Flevorun vanaf en naar Lelystad als opmaat naar de Roparun: ‘Ik ga gewoon door’
Als training voor de prestigieuze Roparun werd in het weekend van 9 en 10 april de Flevorun gehouden. Een 24 uurswedstrijd, in estafettevorm, met niet Rotterdam als finish, maar het provinciehuis in Lelystad. Een route van 250 kilometer door Flevoland én Overijssel.
“Ik ga gewoon door.” Het klinkt simpel, maar voor Wim Bok (65) uit Lelystad is het een zinnetje dat hij een jaar of tien geleden misschien niet meer durfde uit te spreken. In 2011 deed hij al mee aan de Roparun, als sportieve renner. ,”Leuk idee, leuke prestatie, dacht ik. Maar dat jaar liep ik ’m niet uit, twee maanden later kwam ik erachter dat ik lymfeklierkanker had.”
Bizar toeval
Dat bizarre toeval maakte dat hij van renner ineens iemand werd voor wie de sponsortocht juist gelopen wordt. Er wordt geld ingezameld voor de niet-medische behandeling van kanker. ,,Ik ontmoette mensen in het ziekenhuis die met een haarkoeler rondliepen, om ondanks de behandeling hun haar te behouden. En er waren familiekamers in het ziekenhuis, vakantiehuisjes waar mensen in konden verblijven. Allemaal bekostigd door de Roparun. Ik heb aan den lijve ervaren hoe belangrijk die run is voor mensen met kanker.’’
Ik heb aan den lijve ervaren hoe belangrijk die run is voor mensen met kanker. Wim Bok
Inmiddels is Bok tien jaar verder en gaat het weer goed met zijn gezondheid. ,,Ik ben net weer op controle geweest: het ziet er goed uit.’’
Training
Het is de reden waarom hij dit weekend meedeed aan de Flevorun, als training voor de ‘echte’ Roparun. Maar liefst 24 uur liepen hij en zijn teamgenoten van Team Lelystad door Flevoland en een stukje Overijssel; ’s nachts werd er geslapen in Kampen, om twee uur zondagmiddag was de finish bij het Flevolandse provinciehuis.

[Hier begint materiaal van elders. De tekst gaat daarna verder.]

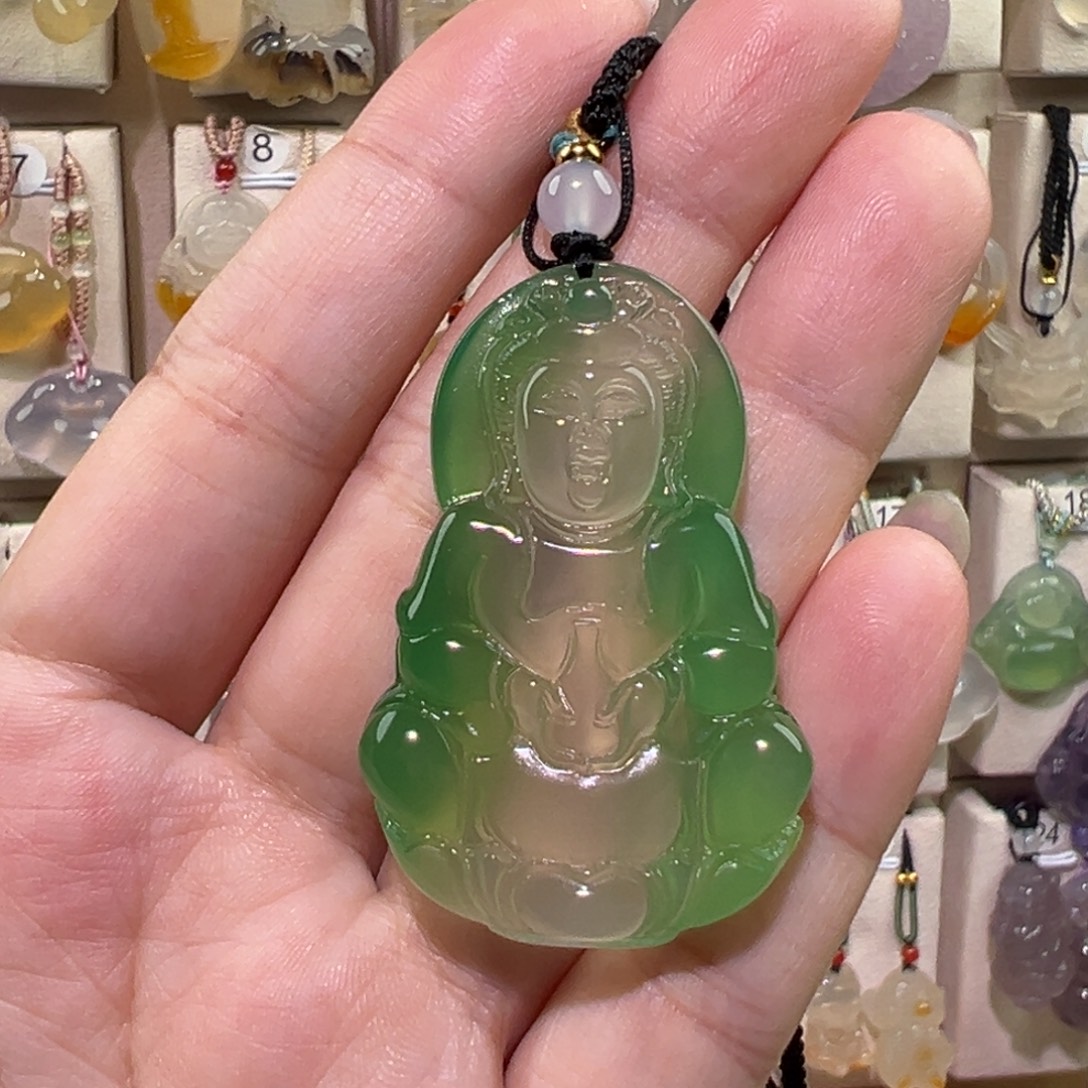 玛瑙/玉髓未镶嵌吊坠(赠链)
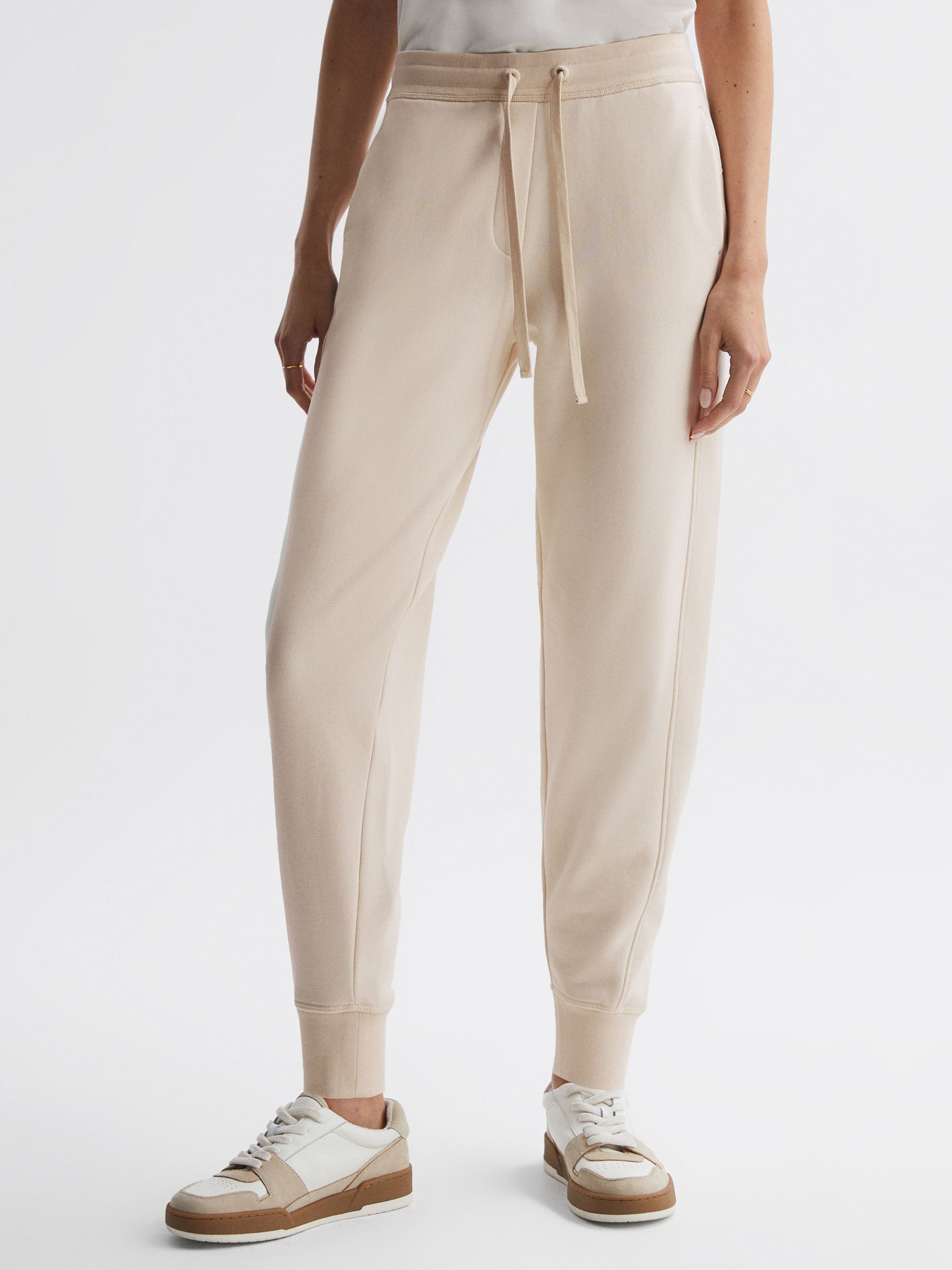Cotton Drawstring Cuffed Joggers in Ivory - Image 1 of 4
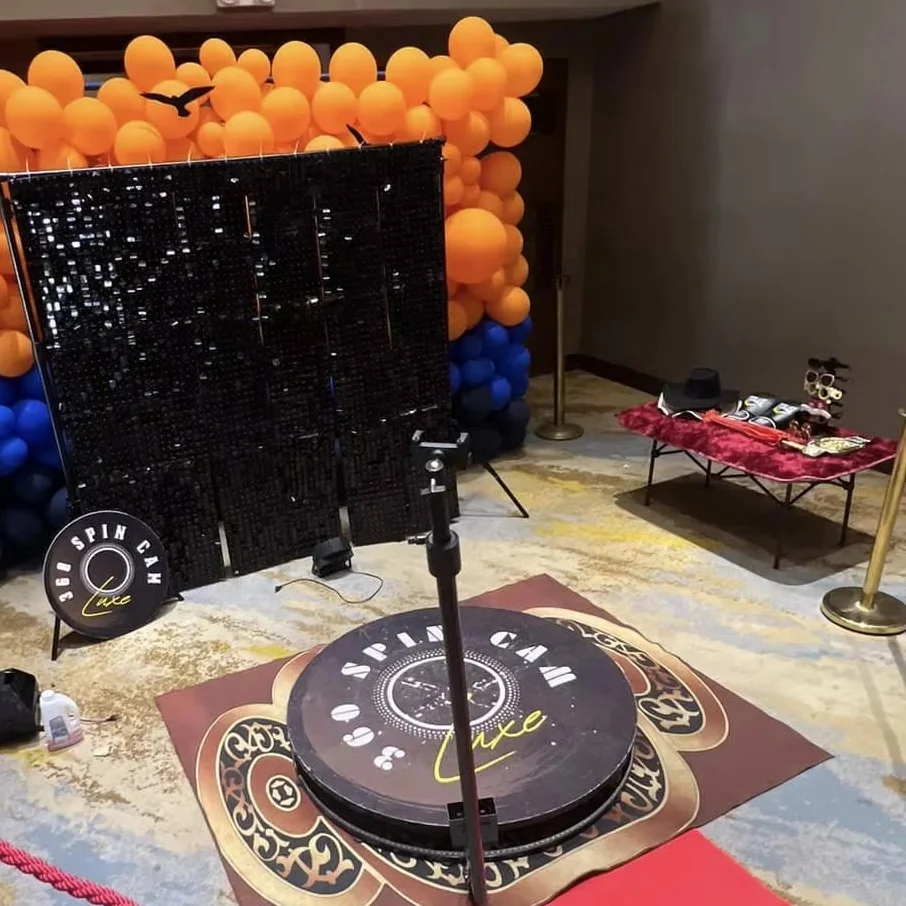 Original Factory Glass Photo Booth 360 Video Booth for Party Camera 360 Photo Booth Automatic 115cm with Case Party Supplies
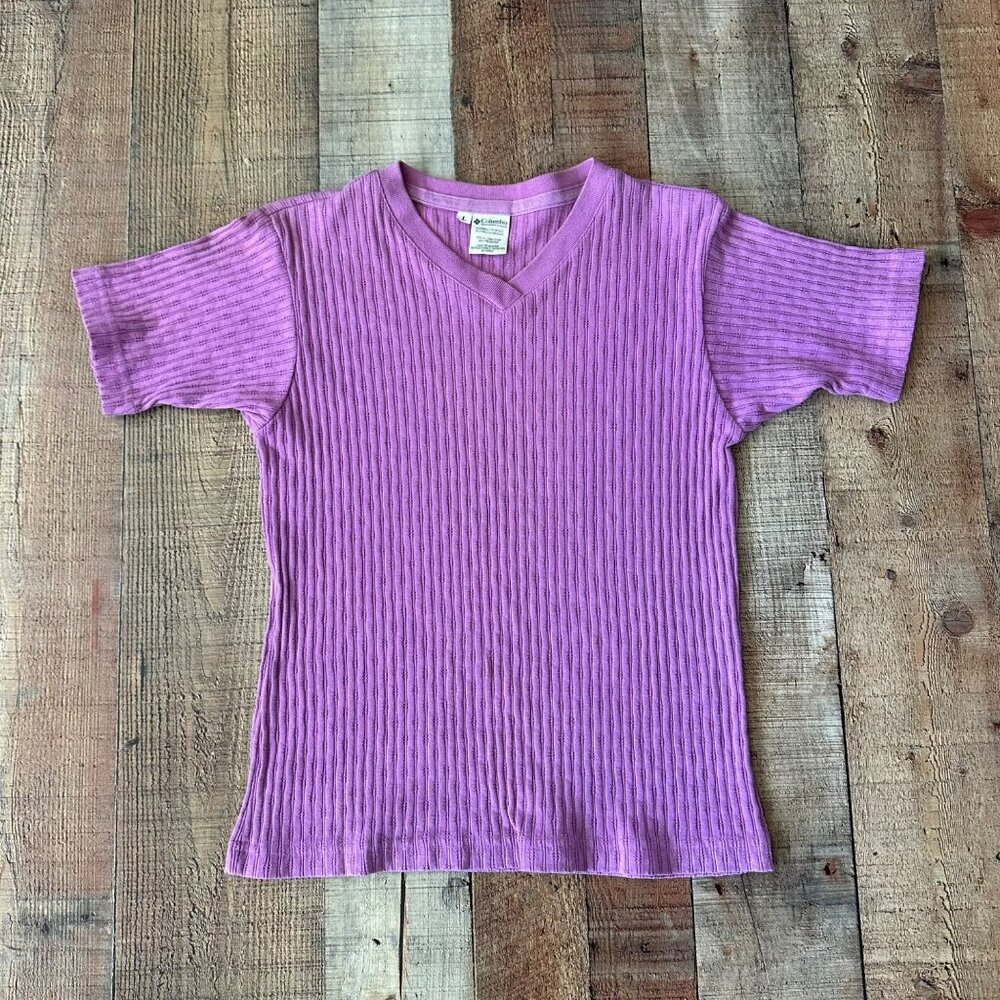 Columbia Y2K Purple Ribbed V-Neck Short Sleeve Knit Top Womens Size Large Shirt
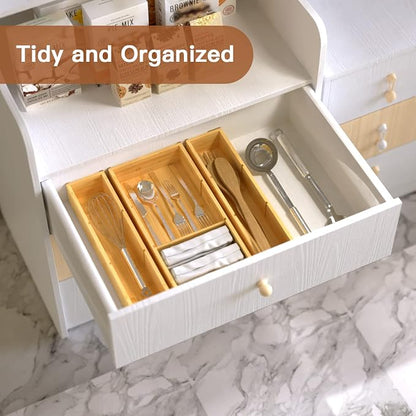 DUJEN Bamboo Drawer Organizer 12.5'' X 12.5'' X 2'', Adjustable 3 Individual - Image 5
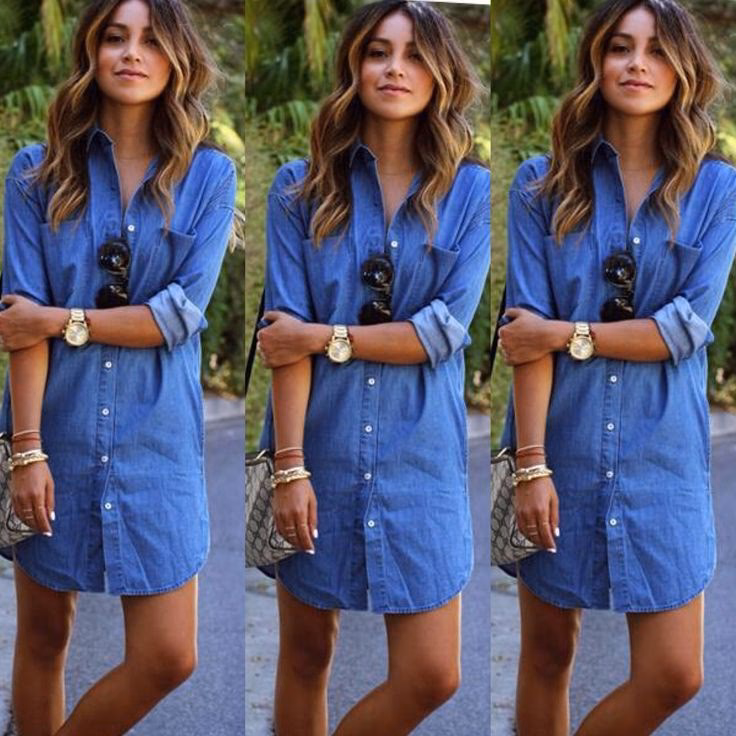 ¿Cómo combinar vestido y jeans?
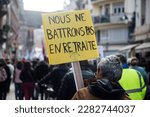 Small photo of Strasbourg - France - 11 March 2023 - people protesting with placard in french : on ne battra pas en retraite, in english : we won't retreat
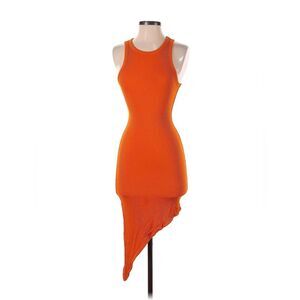 NWT Naked Wardrobe Orange ribbed racer back tank dress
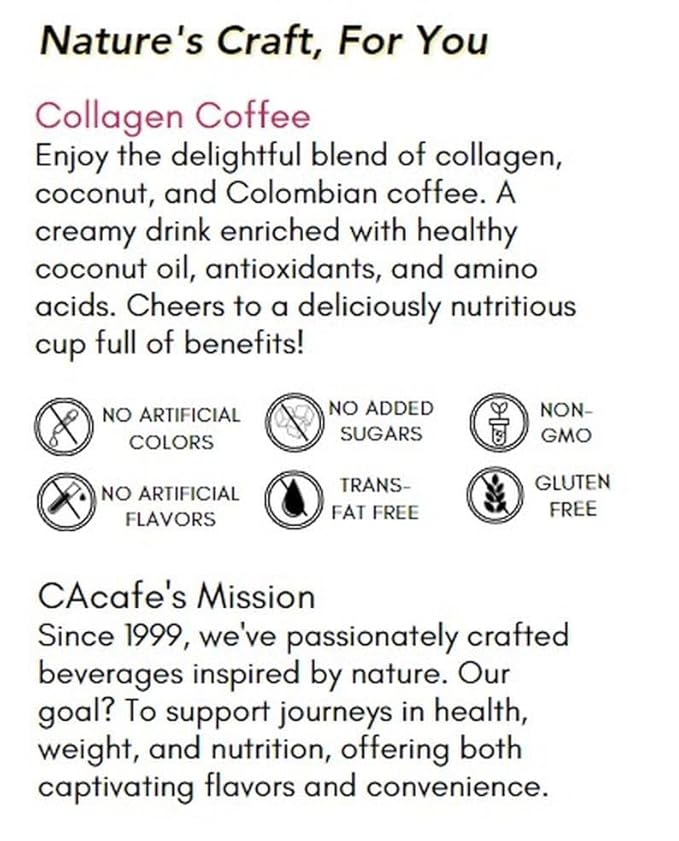CAcafe Collagen Coffee, Unsweetened, Premium Collagen and Coconut Infused Colombian Coffee, 450 g (16 oz)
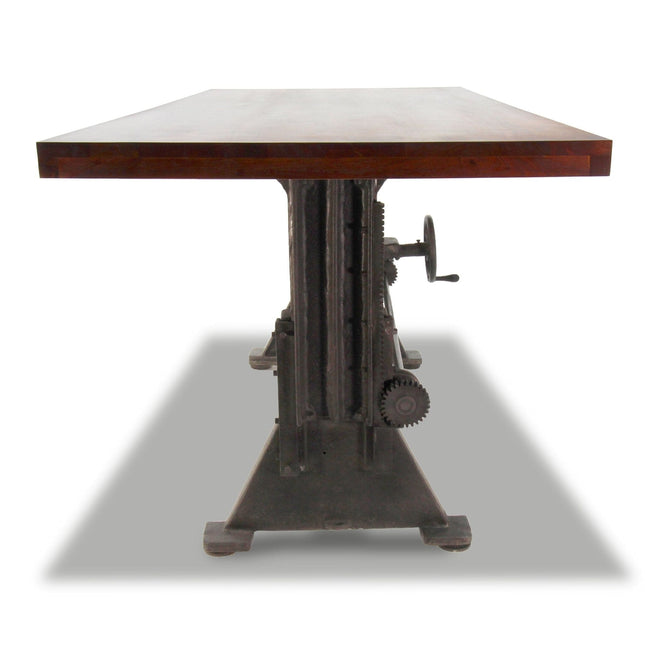 Craftsman Industrial Dining Table - Adjustable Height Iron Base - Mahogany Top - Rustic Deco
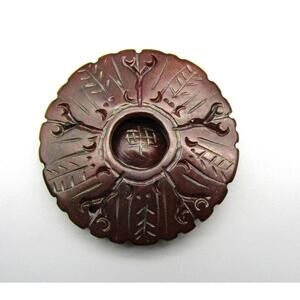 Antique Chinese Brown Jade Talisman Pendant Amulet Shake Rattle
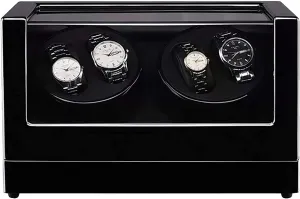 Transparent Cover Wrist Mechanical Watch Winding Box Double Watch Winder 4 0 Wooden Automatic sash Watch Winder Storage Box 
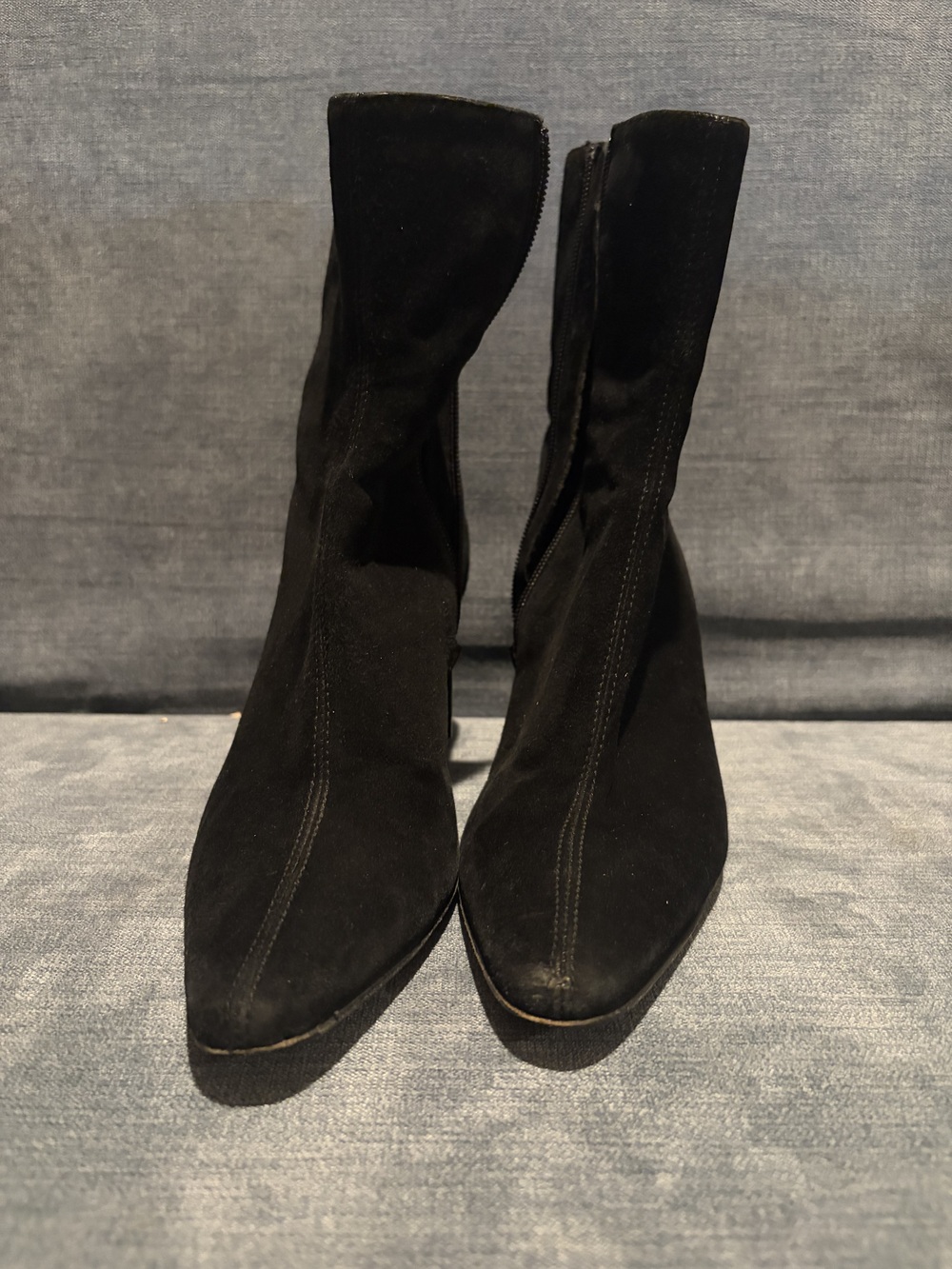 Aquatalia Black Suede Ankle Boots with Almond Shape Toe Box -Sz 6.5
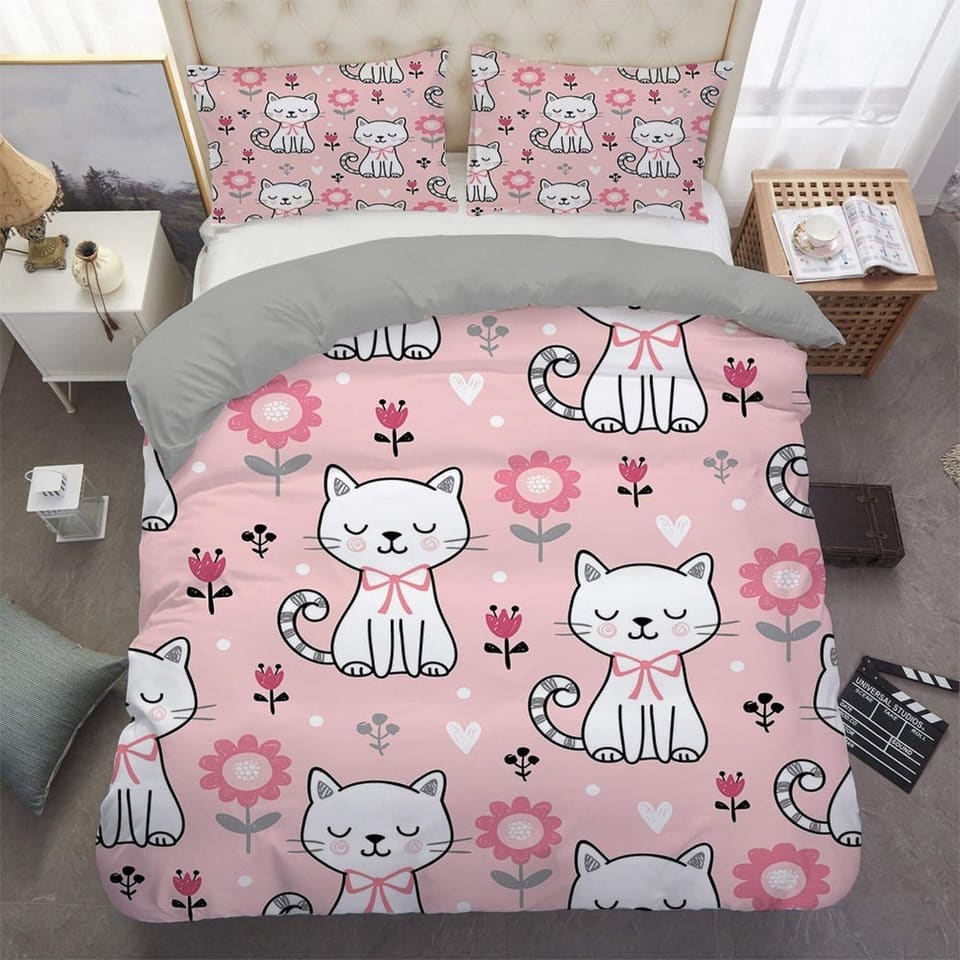 Floral printed bedding, white cat, toddler bedding, kids duvet cover set, gift for cat lovers, baby bedding, baby shower g…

Meedoen aan de Flevorun was voor veel deelnemers ook een symbolische actie in de strijd tegen kanker. Dat het dan ineens keihard begon te hagelen op de Ketelbrug was voor sommige renners dan ook geen probleem. ,,Kankerpatiënten hebben het zwaarder’’, was de gedachte waarmee die tegenslag werd doorstaan.
Blijdschap
Zaterdagmiddag werd het team opgevangen in het Toon Hermans Huis (THH) in Emmeloord, een inloophuis waar (ex-)kankerpatiënten in een huiselijke omgeving hun ervaringen kunnen delen. Daar stond Helga Brenninkmeijer van het THH de lopers op te wachten, blij met de ‘aanloop’ van de renners en met het sponsorgeld dat werd bijeengebracht.
“Het is allemaal vrijwilligerswerk, maar we hebben toch ook centjes nodig’’, vertelt ze. Rond een uur of vijf arriveerde daar het Team Lelystad, inclusief Wim Bok, omringd door mederenners die uiteraard allemaal van zijn bijzondere verhaal weten. “Hij doet er luchtig over, maar het is een wonder dat hij er nog is.”
Rustpunt
Voor Bok was het de eerste keer dat hij het Toon Hermans Huis in Emmeloord binnenkwam, het inloophuis in zijn woonplaats Lelystad kent hij daarentegen maar al te goed. “We willen juist die inloophuizen in het zonnetje zetten. Die hebben het ook heel zwaar gehad, in de coronacrisis.”